The overhead of static probes is near zero when not enabled. To understand this further, there is a static probe in bdev_strategy called io:::start for us to examine:
No DTrace,
> bdev_strategy::dis [...] bdev_strategy+0x54: nop bdev_strategy+0x55: nop bdev_strategy+0x56: nop bdev_strategy+0x57: nop bdev_strategy+0x58: nop [...]
DTracing io:::start,
> bdev_strategy::dis [...] bdev_strategy+0x54: nop bdev_strategy+0x55: lock nop bdev_strategy+0x57: nop bdev_strategy+0x58: nop [...]
When not enabled, static probes exist in code as a few nop instructions (no-operation - a dummy CPU instruction that does nothing, fast). When enabled, these nop instructions are changed to call DTrace.
The not-enabled overheads of static probes is that of adding a few nop instructons, which usually causes a negligible performance impact. Check the code path they exist in, and try not to add static probes to tight loops.
[edit] Enabled
When DTrace is enabled, CPU overheads are incurred as the probes fire. This section describes the degree of these overheads, and provides some percentage values as approximations (your overheads may vary).

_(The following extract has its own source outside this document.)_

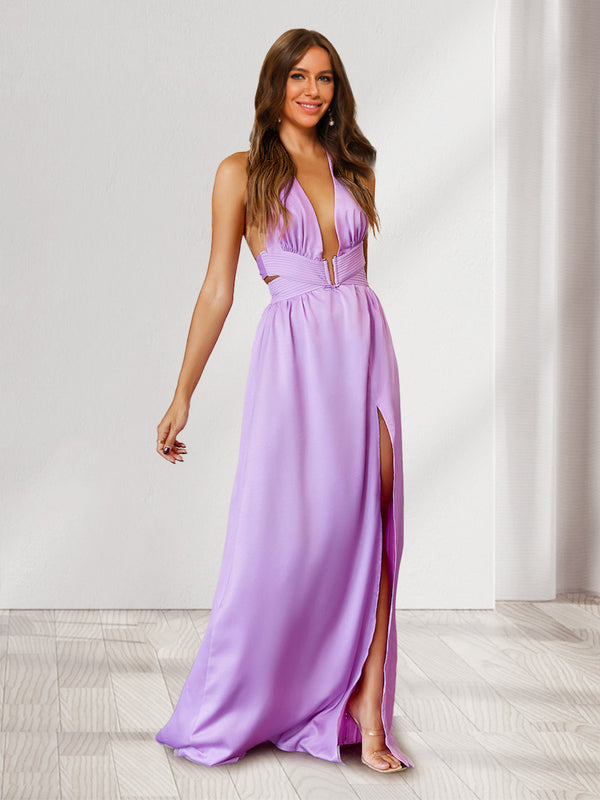 A-Line/Princess Halter Side Cuts Long Wedding Guest Dresses with Slit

In general, a probe event rate of less than 1000 per second is likely to have negligible impact.
[edit] Fixed Rate
The profile provider can be used to sample at a fixed rate, eg 1000 Hertz. The CPU cost at 1000 Hertz or less will be very low, close to 0% CPU (in testing, 0.1% CPU). Since the rate is fixed, we know beforehand what the impact would be, making such scripts the safest to use in performance sensitive environments such as production servers.
Fixed-rate sampling at 1001 Hertz,
# dtrace -n 'profile:::profile-1001 { @[execname] = count(); }'
dtrace: description 'profile:::profile-1001 ' matched 1 probe
^C
dtwm 1
rpc.rstatd 2
dtrace 3
gnome-terminal 26
ssh 82
Xorg 112
sched 1703
Of course, sampling introduces the possibility of sampling errors. A key feature of DTrace is the ability to trace events, not just sample them.
[edit] Demand Rated
When tracing events with DTrace, the impact depends on the rate of probe events per second, which depends on the frequency of the event being traced. Rates less than 1000 per second should cause little performance impact. Some examples:
- Tracing “slow” disk events may cost less than 0.2% CPU.

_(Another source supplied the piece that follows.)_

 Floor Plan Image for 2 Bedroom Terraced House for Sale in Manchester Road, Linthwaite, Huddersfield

- Tracing process creation would expect even fewer events, costing closer to 0.0% CPU.
- Tracing very rapid application function events can cost over 10% CPU,
- eg, every function entry and return from Xorg's text segment, at over 6000 events per second.
Tracing Xorg's function entries and returns,
# dtrace -n 'pid$target:a.out::entry,pid$target:a.out::return' -p `pgrep Xorg` dtrace: description 'pid$target:a.out::entry,pid$target:a.out::return' matched 8478 probes CPU ID FUNCTION:NAME 0 40548 SmartScheduleTimer:entry 0 58313 SmartScheduleTimer:return 0 40006 WakeupHandler:entry 0 38946 xf86Wakeup:entry 0 39273 xf86VTSwitchPending:entry 0 57040 xf86VTSwitchPending:return 0 56713 xf86Wakeup:return 0 40004 NoopDDA:entry 0 57769 NoopDDA:return 0 57771 WakeupHandler:return 0 40530 GetTimeInMillis:entry 0 58295 GetTimeInMillis:return 0 41350 AccessXRepeatKeyExpire:entry 0 59115 AccessXRepeatKeyExpire:return 0 40530 GetTimeInMillis:entry 0 58295 GetTimeInMillis:return 0 58211 WaitForSomething:return 0 40446 WaitForSomething:entry 0 40530 GetTimeInMillis:entry 0 58295 GetTimeInMillis:return [...fast scrolling output...]
Tip: Fast scrolling output consumes CPU. Do you really want that much output anyway? Try summarizing data with DTrace instead, which will reduce the performance overhead.